▶ [Task description]
Without any pictures, retype exactly the lines that begin at the one holding "Hérémence - Charmant" and end at the last line of the data below.

Given data Start Marker

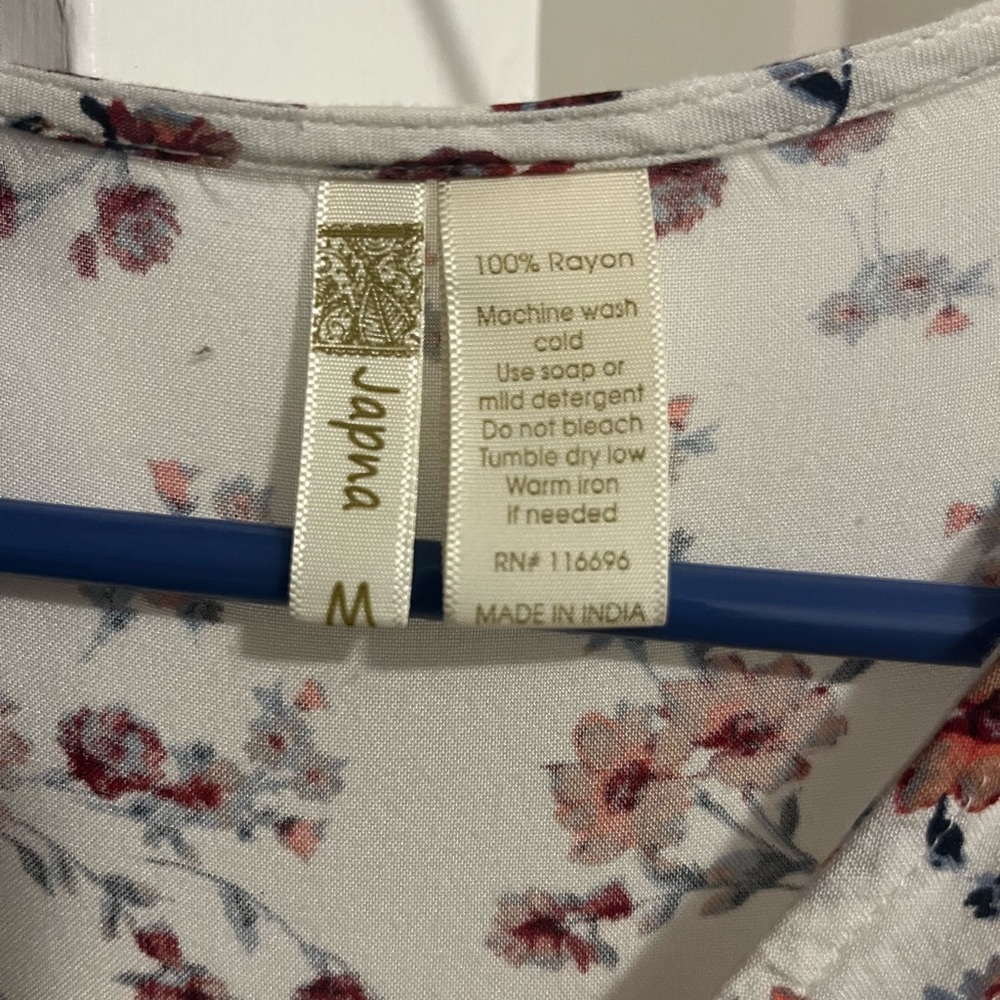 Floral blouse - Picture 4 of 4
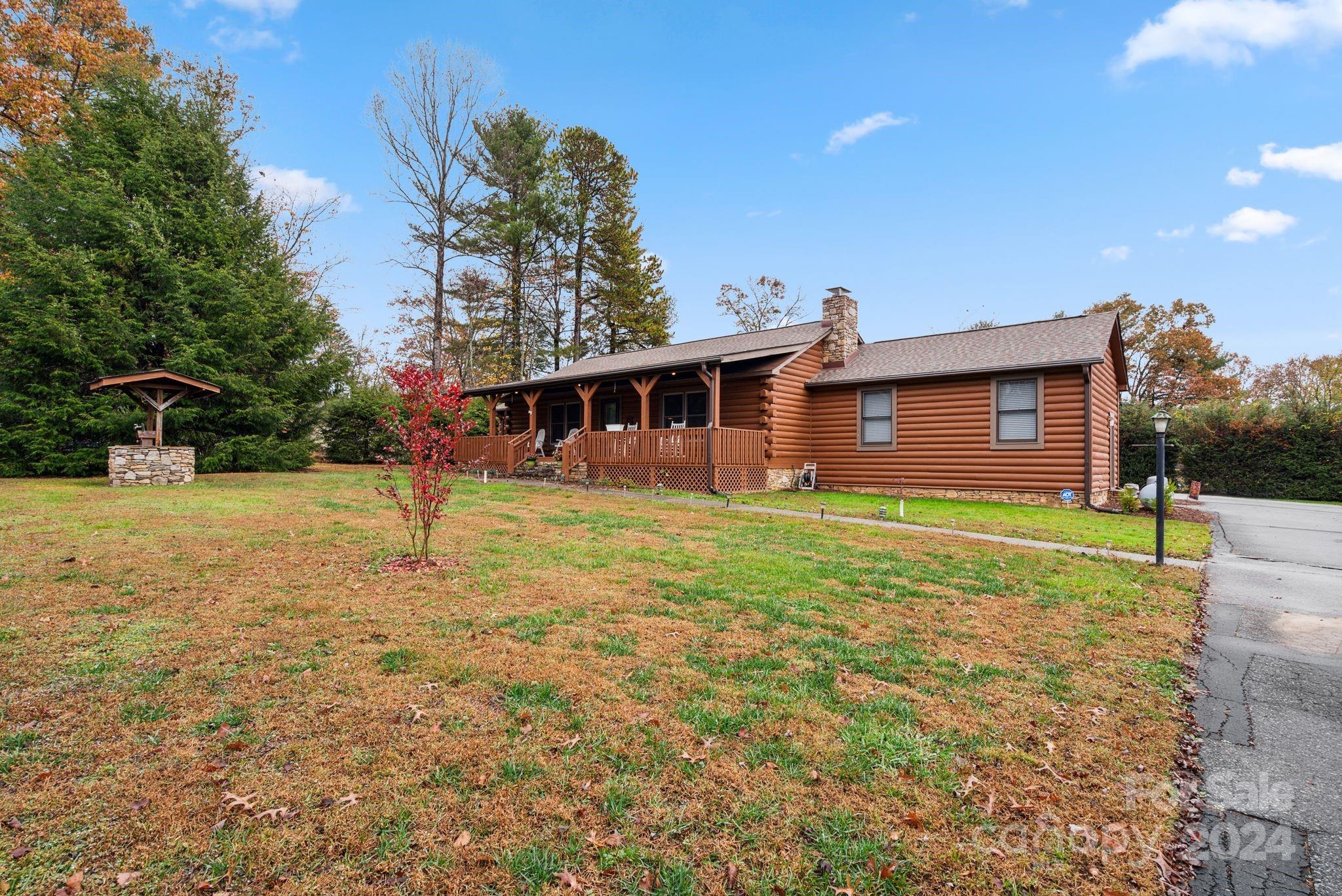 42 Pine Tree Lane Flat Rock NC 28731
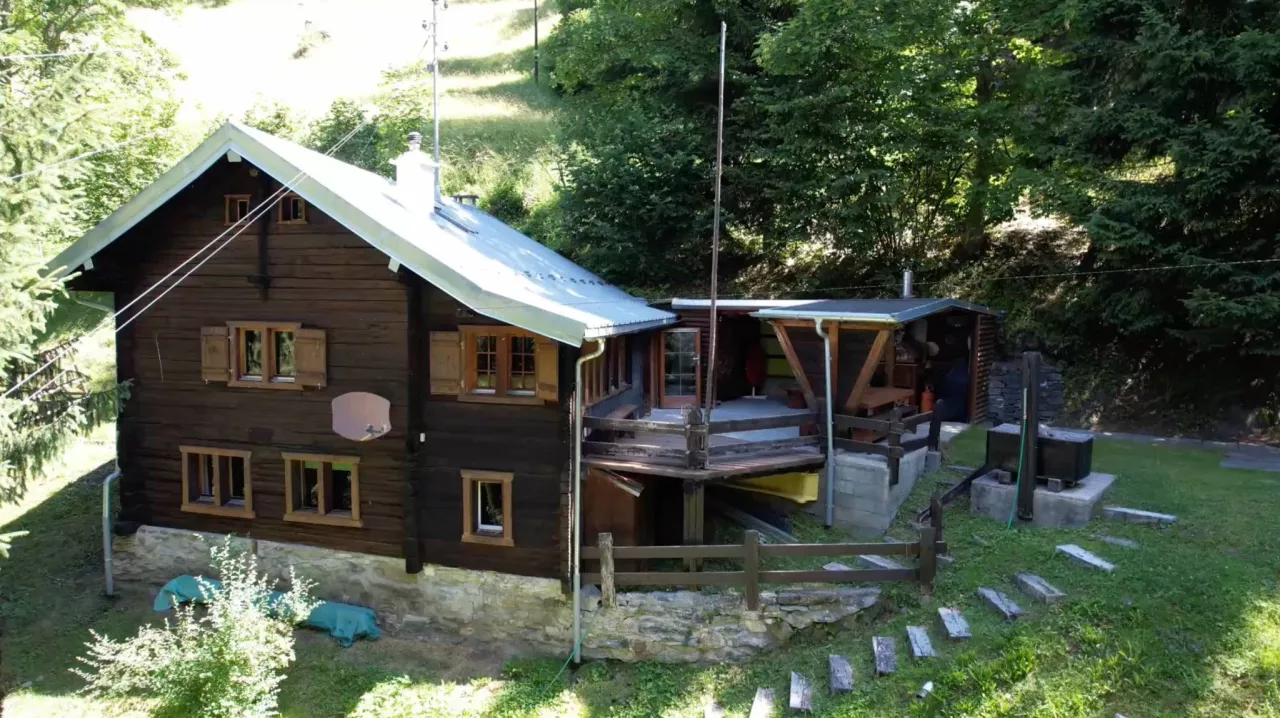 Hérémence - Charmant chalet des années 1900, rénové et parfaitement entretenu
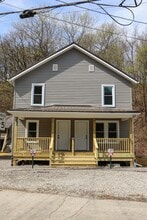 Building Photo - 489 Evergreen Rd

Given data End Marker

▶ [Exercise solution]
 Hérémence - Charmant chalet des années 1900, rénové et parfaitement entretenu
 Building Photo - 489 Evergreen Rd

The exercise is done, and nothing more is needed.